Source data:
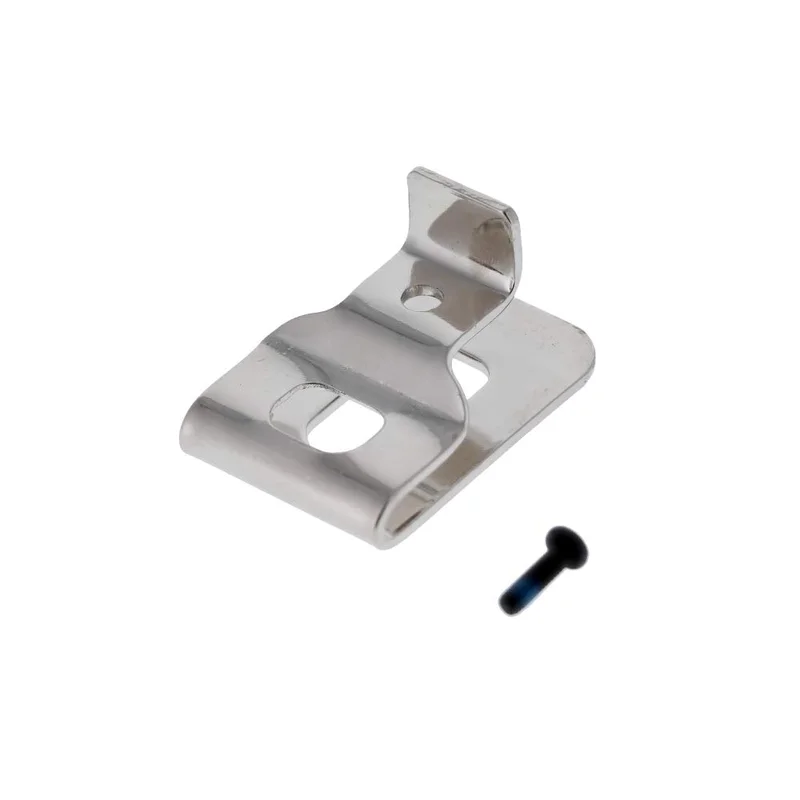 zeebooth-34266543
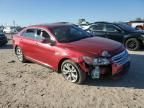 2010 Ford Taurus SEL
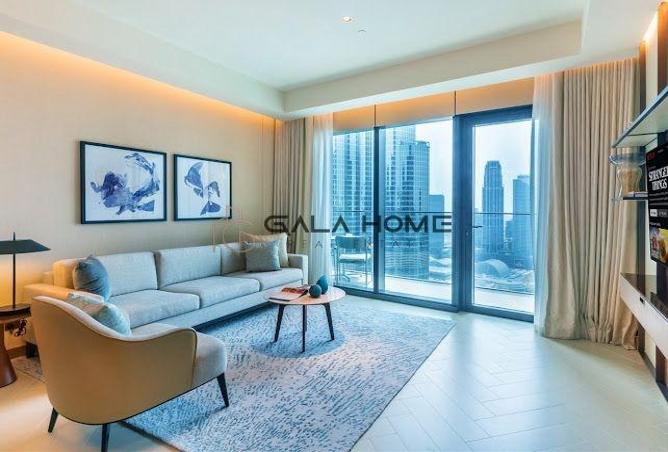 72306497 - Property Image 2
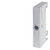 Siemens 8US1921-1CF02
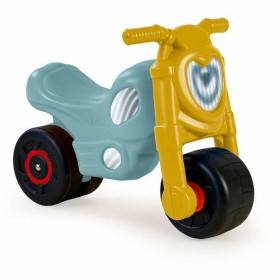 Motocyclette sans pédales Feber Motofeber Casual 62 cm: Plus de 300.000 produits de grandes marques en vente directe à prix usi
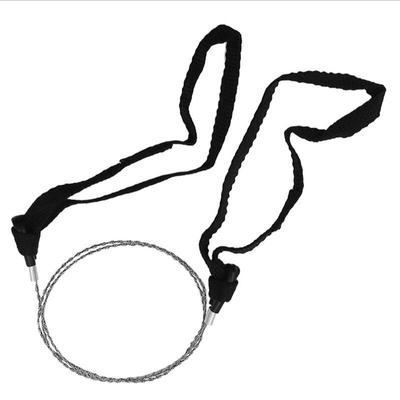 Unelte de mână – Ferăstrău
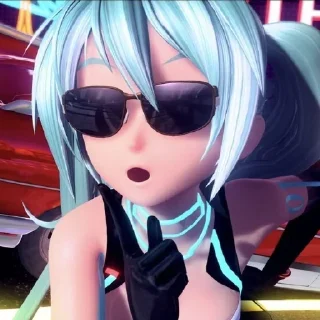 😎 emoji ༉‧₊˚@bezdomnyefei ❀༉‧₊˚. Telegram sticker 11 of 78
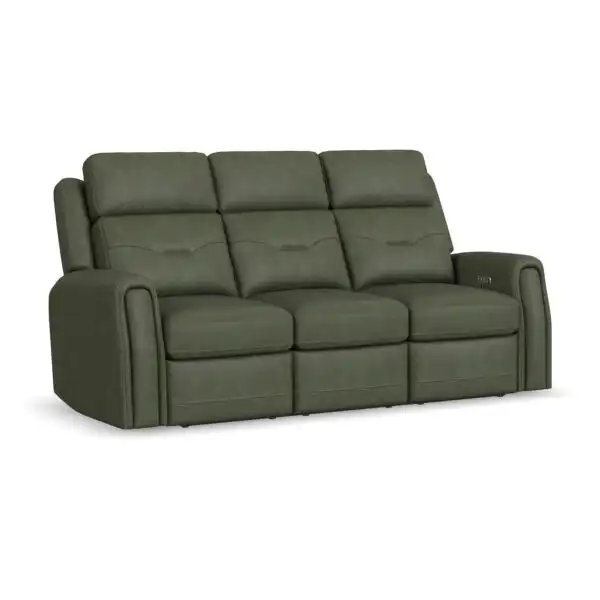 Felix Power Recling Sofa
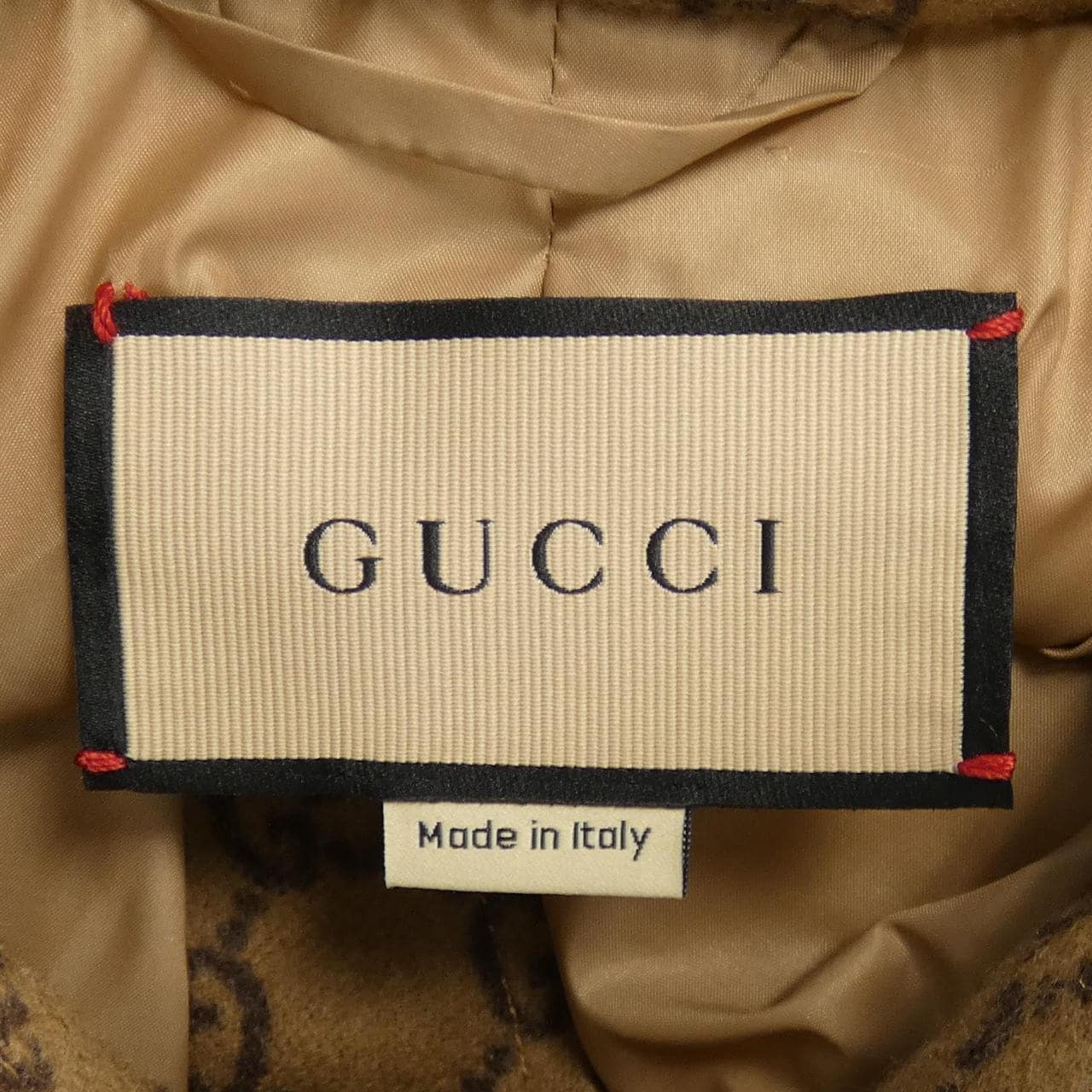 グッチ GUCCI シャツ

Work item: All lines from the one containing "Siemens 8US1921-1CF02" through the final line of the entries above are to be copied exactly; the pictures are not.

Your solution:
 Siemens 8US1921-1CF02
 Motocyclette sans pédales Feber Motofeber Casual 62 cm: Plus de 300.000 produits de grandes marques en vente directe à prix usi
 Unelte de mână – Ferăstrău
 😎 emoji ༉‧₊˚@bezdomnyefei ❀༉‧₊˚. Telegram sticker 11 of 78
 Felix Power Recling Sofa
 グッチ GUCCI シャツ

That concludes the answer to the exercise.